Our operation becomes more and more demanding - and thats quite a bit of work to handle.
Ok, enough of such poetic introduction :)
== Growth ==
Over second half of 2006 traffic and reqeuests to our cluster doubled (actually, that happened just in few months) Over 2007 traffic and requests to our cluster doubled.
Pics: http://www.nedworks.org/~mark/reqstats/trafficstats-yearly.png http://www.nedworks.org/~mark/reqstats/reqstats-yearly.png
== Hardware expansion ==
Back in September 2006 we had quite huge load increase, and we went for capacity expansion, which included: * 20 new Squid servers ($66k) * 2 storage servers ($24k) * 60 application servers ($232k)
German foundation additionally assisted with purchasing 15 Squid servers in November for Amsterdam facility.
Later in January 2007 we added 6 more database servers (for $39k), three additional application servers for auxiliary tasks (such as mail), and some network and datacenter gear.
The growth over autumn/winter led us to quite big ($240k) capacity expansion back in March, which included: * 36 very capable 8-core application servers (thank you Moore yet again :) - that was around $120k * 20 Squid servers for Tampa facility * Router for Amsterdam facility * Additional networking gear (switches, linecards, etc) for Tampa
The only serious capacity increase afterwards was another 'German' (thanks yet again, Verein) batch of 15 Squid servers for Amsterdam in December 2007.
We do plan to improve on database and storage servers soon - that would add to stability of our dumps building and processing, as well as better support for various batch jobs.
We have been especially pushy about exploiting warranties on all servers, and nearly all machines ever purchased are in working state, doing one or another kind of workload. All the veterans of 2005 are still running at amazing speeds doing the important jobs :) Rob joining to help us with datacenter operations has allowed to have really nice turnarounds with pretty much every datacenter work - as volunteer remote hands became not available during critical moments anymore. Oh, and look how tidy cabling is: http://flickr.com/photos/ midom/2134991985/ !
== Networking ==
This has been mainly in capable Mark's and River's hands - where we underwent transition from hosting customer to internet service provider (or at least - equal peer to ISPs) ourselves. We have our independent autonomous systems both in Europe and US - allowing to pick best available connectivity options, resolve routing glitches, and get free traffic peering at internet exchanges. That provides quite lots of flexibility, of course, at the cost of more work and skills required.

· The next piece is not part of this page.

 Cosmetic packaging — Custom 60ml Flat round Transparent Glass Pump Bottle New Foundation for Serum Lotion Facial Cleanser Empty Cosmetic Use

This is also part of overall well-managed powerful datacenter strategy. Instead of low-efficiency small datacenters scattered around the world, core facility like one in Amsterdam provides high availability, close proximity to major Internet hubs and carriers, and is generally in center of region's inter-tubes. Though it would be possible to reach out into multiple donated hosting places, that would just lead to slower service for our users, and someone would still have to pay for the bandwidth. As we are pushing nearly 4 Gbps of traffic, there're not much donors who wouldn't feel such traffic.
== Software ==
There has been lots of overall engineering effort, that was often behind the scenes. Various bits had to be rewritten to act properly on user activity. The most prominent example of such work is Tim's rewrite of parser to more efficiently handle huge template hierarchies. In perfect case, users will not see any visible change, except multiple-factor faster performance at expensive operations. In past year, lots of activities - how people use customized software - bots, javascript extensions, etc - have changed performance profile, and nowadays lots of performance work at backend is to handle various fresh activities - and anomalies. One of core activities was polishing caching of our content, so we could have our application layer to concentrate on most important process - collaboration, instead of content delivery. Lots and lots of small things have been added or fixed - though some developments where quite demanding - like multimedia integration, which was challenging due to our freedom requirements. Still, there was constant tradeoff management, as not every feature was worth the performance sacrifice and costs, and on the other hand - having the best possible software for collaboration is also important :) Introducing new features, or migrating them from outside to the core platform has been always serious engineering effort. Besides, there would be quite a lot of communication - explaining how things have to be built for them not to collapse at live site, discussing security implications, change of usage patterns, ... Of course, MediaWiki is still one of most actively developed web software - and here Brion and Tim lead the volunteers, as well, as spend their days and nights in the code.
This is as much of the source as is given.